Ai piedi del Resegone sul versante opposto a quello lecchese, in una verdissima conca contornata da valli che si rincorrono l’un l’altra, tutte raggiungibili sino al loro culmine con sentieri o comode mulattiere, si trovano i gruppi di case che compongono il paese di Morterone. Il Foppo, Olino, la Forcella, Forcelletta, la Bruga, Tesoi, i Pradelli, Campelli, il Bosco, la Foppa, la Costa, Medalunga, Carigone, la Fraccia, il Centro, Costa dei Muli, la Fornace e altri, indicano le varie località che formano la vallata, e sono insediamenti abitativi soprattutto nella stagione estiva. Già dal loro numero si può immaginare la vastità del territorio.
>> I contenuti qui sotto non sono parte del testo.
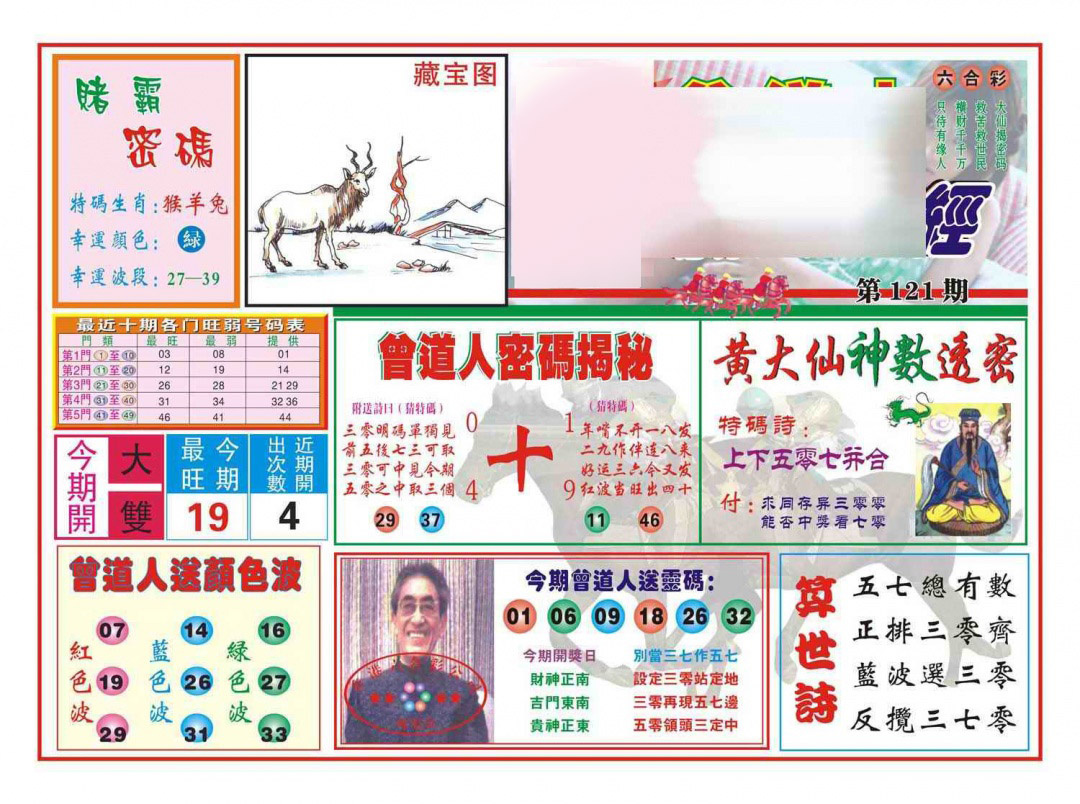 六合彩121期赢钱一经(新图)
Un capitolo a parte nelle località merita Frasnida che già nell’anno 1350 era nucleo abitativo di alcuni dei 350 abitati di quel tempo. Le splendide case rustiche in pietra che pur acciaccate in qualche nascosto sostegno ancora oggi si ergono maestose, risalgono al 1600. Dal punto di vista architettonico esse presentano i caratteri volumetrici e strutturali tipici di analoghe costruzioni dell’epoca in Val Taleggio ed in Valle Imagna che, nell’insieme, hanno contraddistinto una vera e propria isola culturale alle falde del Resegone e nelle propaggini attigue. Di essa faceva parte anche Morterone che era collegato sulle creste con le due valli dai valichi del Culmine di Palio e del Culmine di San Pietro.
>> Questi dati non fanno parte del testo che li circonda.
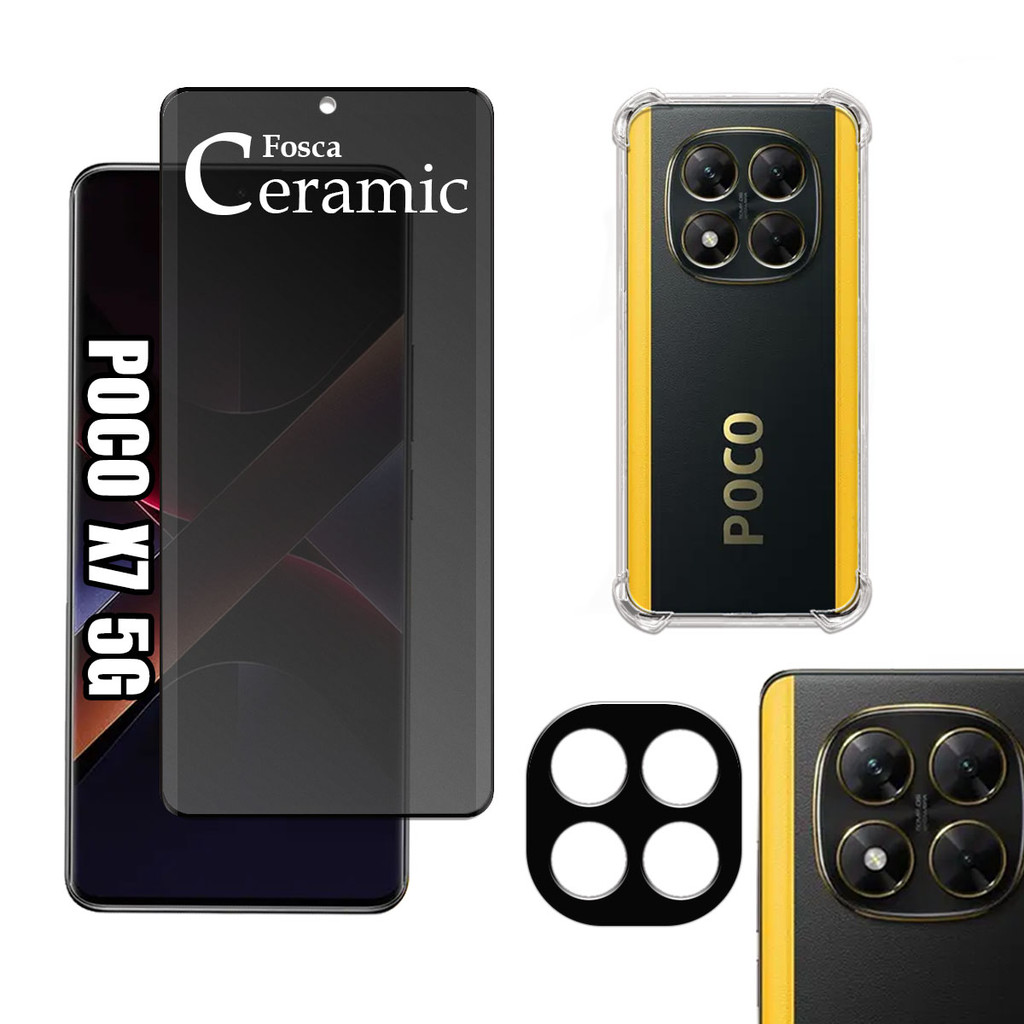 KIT Para Xiaomi Poco X7 - Película de Privacidade Fosca 9D - Capa - Câmera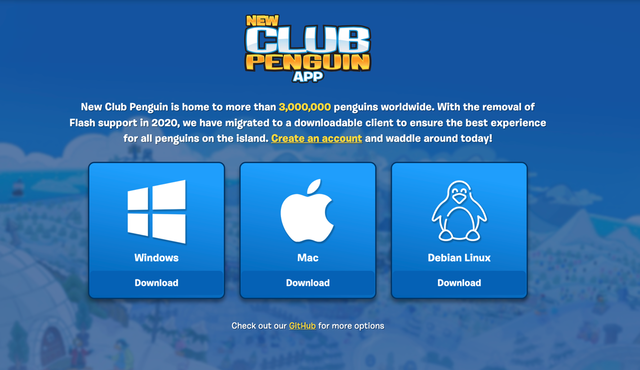 Screenshot van download pagina New Club Penguin.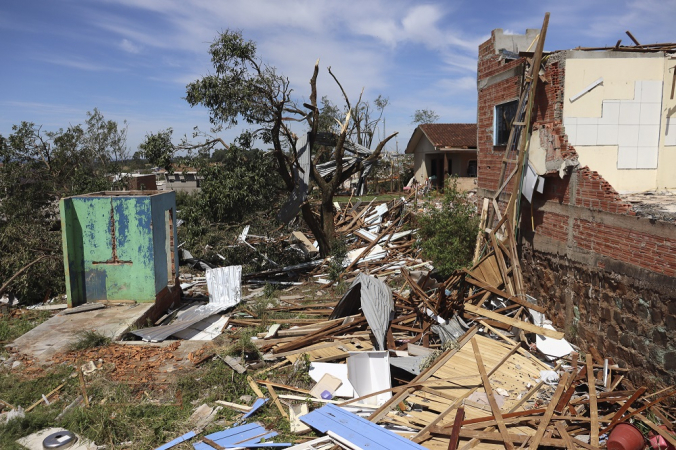 Estragos causados no município de Rio Bonito do Iguaçu, no Paraná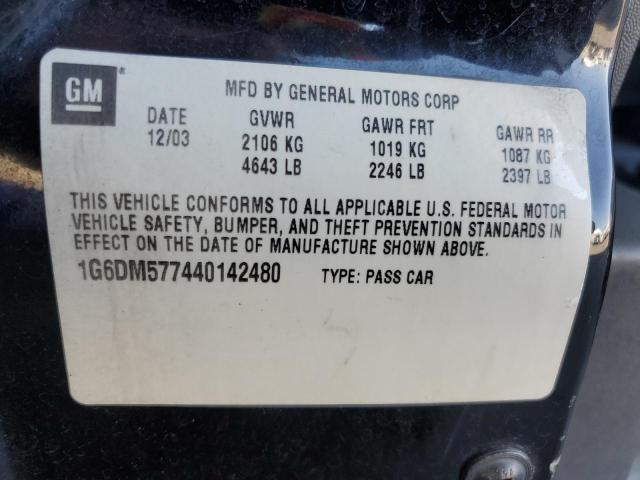 1G6DM577440142480 - 2004 CADILLAC CTS BLACK photo 13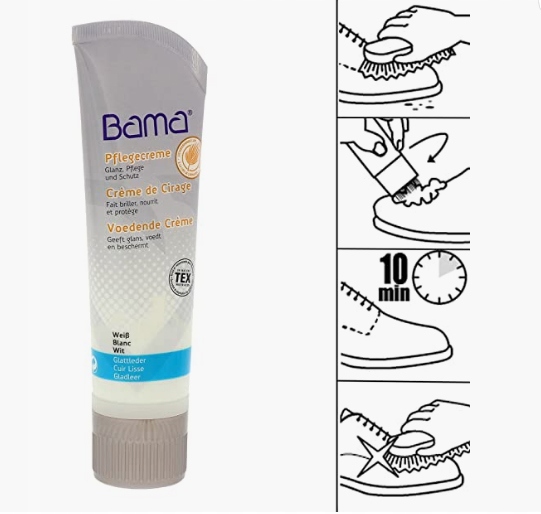 KREM PASTA DO BUTÓW Z WOSKIEM BAMA BIAŁA 75 ml Model 002 WHITE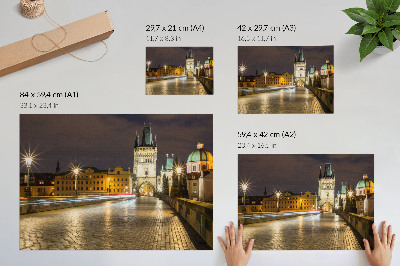 Poszter Bájos éjszakai város kivilágított híd építészet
Osservando le case di Frasnida non può sfuggire che esse sono state costruite solo con materiali reperiti sul posto: le pietre cavandole dai fondali del torrente Remola, i legnami tagliandoli nei boschi che ancora oggi occupano i pendii circostanti. L’elemento inconfondibile nelle architetture è il tetto. L’abbondante presenza di pietra calcarea ha contributo alla diffusione delle tipiche coperture in piöde (lastre dello spessore di circa 7-8 centimetri) che per il loro peso non potevano essere semplicemente appoggiate alle travi del tetto, ma dovevano piuttosto essere incastrate l’una sopra l’altra. Il risultato finale è molto scenografico ma, per sostenere l’enorme peso, a ridosso di muri e spioventi vengono inseriti tronchi d’essenza forte, incurvati, invisibili dall’esterno, Strutture ricavate da faggi, roveri, carpini e castagni, forzati a crescere inflessi mediante tecniche attente, praticate con anticipi di trenta, talvolta quarant’anni rispetto al giorno dell’utilizzo. La funzione statica di questi poderosi pilastri lignei ricurvi, due per ogni campata e in posizione di reciproco contrasto, può venire considerato preannuncio primordiale, e pure efficace, dell’arco gotico a sesto acuto. Le finestre minuscole fino ad apparire poco più che feritoie per difendersi dal freddo ed i balconcini in legno che sembrano quasi un ornamento, conferiscono alle strutture abitative un senso di leggiadria. Accentuata anche dal fatto che nelle linee essenziali sono edifici che esprimono comunque una precisa razionalità nemmeno tanto elementare visto che i costruttori hanno scelto di ricercare in altezza la soluzione più idonea ed efficace ai problemi dell’abitabilità. E tale propensione verso l’alto, bilanciando le forti masse murarie, rende più aerea la loro complessiva possanza.